I went down my old street—Liberty Street. It’s one street over and parallel to Beecher, and it’s a dead end too; but unlike Beecher it dead-ends into a meadow. If you came up to me on the street and said that word, meadow, this one is the one I see. It was kind of neat, being able to walk out your front door and turn left and be in a meadow, even if it did flood when it rained.

My house was the last one on the left. Unlike a few others on Liberty, mine is still standing. Next door to my house used to be a little white house. An elderly couple, the Ziekerts, lived there. She was very nice and used to bake my brother and I cookies, but he was a total crabass. He died when I was ten or so, and from then on I mowed her lawn in the summertime. Strangely, and another example of the weird way Winfield lays concrete, the Ziekerts’ house was the only house on our street to have a sidewalk. Mine didn’t, and the house on the other side of Ziekerts’, the Wold’s, didn’t. What this meant is that the sidewalk started and ended in Ziekerts’ tiny yard, a three-inch-high cliff of concrete on either side. I learned the hard way that you cannot drive a lawn tractor with the blades turning over this cliff, or you will bend the holy fuck out of the blades on the sharp corner where the right angle of the sidewalk gives way to grass. The sidewalk is still there, though the house is only a ghost of a memory, and three of the corners are still sharp. One is nicely rounded.

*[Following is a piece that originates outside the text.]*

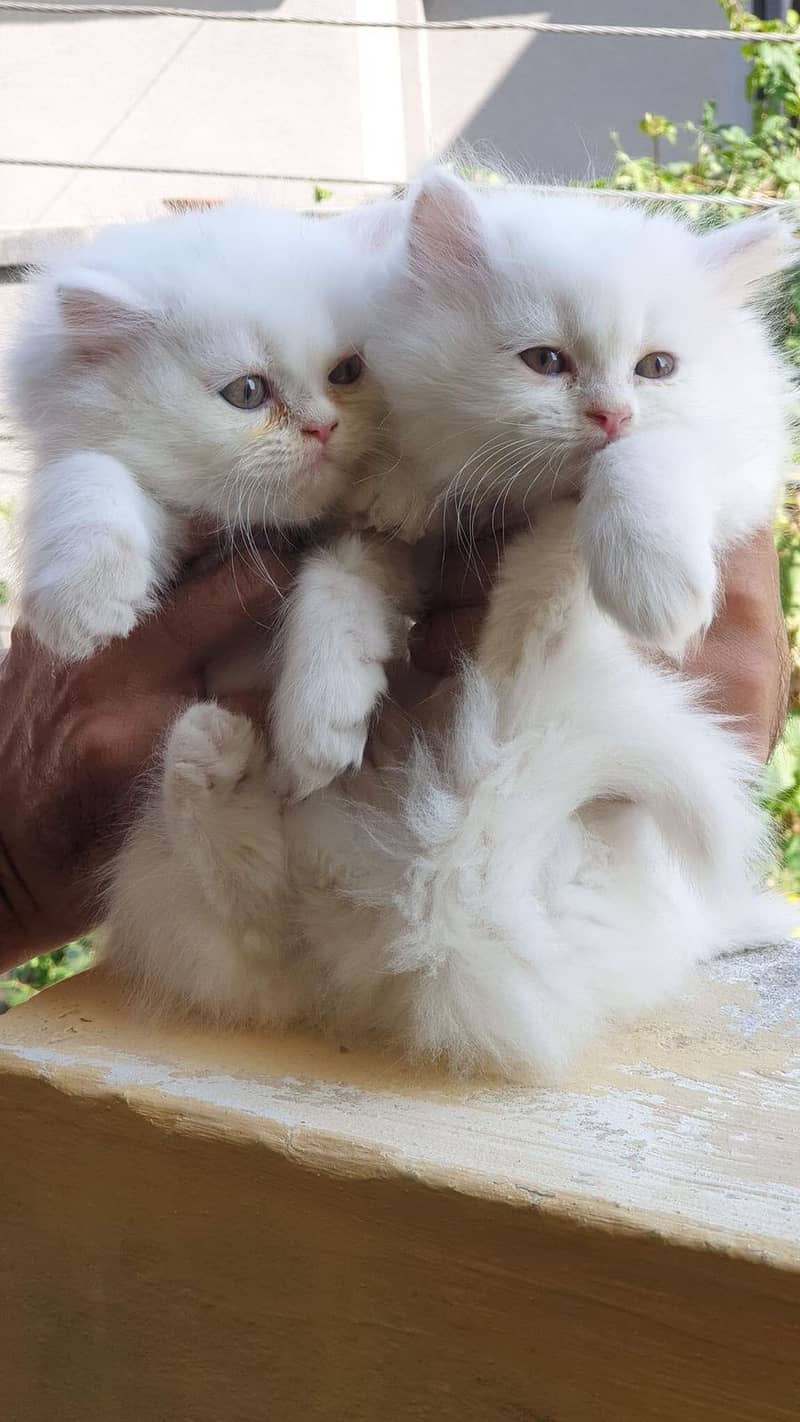 pure persian punch face triple coated persian kittens for sale(CO) 11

Mr. Ziekert put a rock on either side of his driveway. One was pretty big; the other was fairly smooth, and over time, sank just deep enough into the ground to become a fairly decent jump for a kid on a BMX bike. It became for me a daily tradition on the way to school; I’d jump the rock and vault off the end of the sidewalk. When Mr. Ziekert was alive, he’d cuss me out whenever he saw me doing this. I’d give him the finger and keep right on pedaling. The Ziekerts are gone and their house is gone, but the rock, like the sidewalk, is still there.



I tried jumping it today on my bike, but it wasn’t the same, somehow. And anyway I went a lot farther into the Wold’s lawn than the last time I tried it twenty years ago. I don’t remember leaving tire tracks that frickin’ deep, either.

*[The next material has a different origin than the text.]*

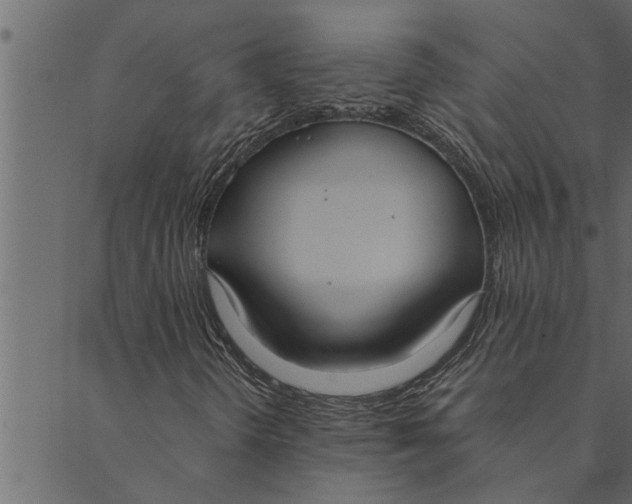 X0000089671298200707121214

Liberty Street intersects with Church Street in a T. Church Street is aptly named, because at the intersection of Liberty and Church there is a church. Two of them, actually, but they both belong to the Parish of St. John the Baptist; the new church, built in 1983, in all its angular new-Catholic newishness; and the old one, built in 1906, and as gothic and glorious as you could wish for. I watched the new one being built, and on a dare I ran a lap around its inside perimeter after climbing through a window, only to find when I climbed back out that my asshole friends had absconded with my bicycle. But when you say the word church, it is the old one I see, with its gothic stained glass windows and its steeple complete with a cross that, up until about five years ago, had a pronounced lean.

I went inside and sat down near the back. I know this church like the back of my own hand, though it has been over fifteen years since I’ve sat foot in it. I know each creaky board, and I know that the sacristy on one side of the altar and the altar boys’ prep room on the other side are linked by a creepy tunnel that runs behind the altar, where the linoleum is peeling off the floor in big chunks. I know that the stairway to the balcony is blocked by a gate, but the gate is rarely locked, and even if it is, it’s easy to tickle. I know that the old pipe organ in the balcony, directly underneath the steeple, still works great, and I know where the power switch is, and when you flip it, the blowers that provide the air turn on with a lovely whoosh. I know these things, but I had forgotten them all until five seconds before, when I walked in.



I’m sorry the picture is so crappy; I wish it had turned out better, because it’s really the inspiration behind this whole blog. What you see is what I see from the very rearmost pew in the right rear of the church. When they built this guy in the early 1900’s, they did not know the meaning of the word restraint, and I could not be happier for it. The picture doesn’t show all the neat little details, but if you look in the area above the altar, you’ll see what I wanted to show you. Just above the altar, the wonderful vaulted ceiling is painted a deep blue. It is emblazoned with gold stars, and at the very back, two seraphim are doing homage to the Lamb. I didn’t show you this to throw my faith in your face. I showed it to you because, in my head, this ceiling is what I see when I hear the word splendor. That word is one of my favorite words, because of the image it paints.

Monday, July 18, 2005

A collaborative post...



Holy leaping Christ, there I am! How did this happen? Where did this come from? How do I get this off my Blog, for the love of Christ himself!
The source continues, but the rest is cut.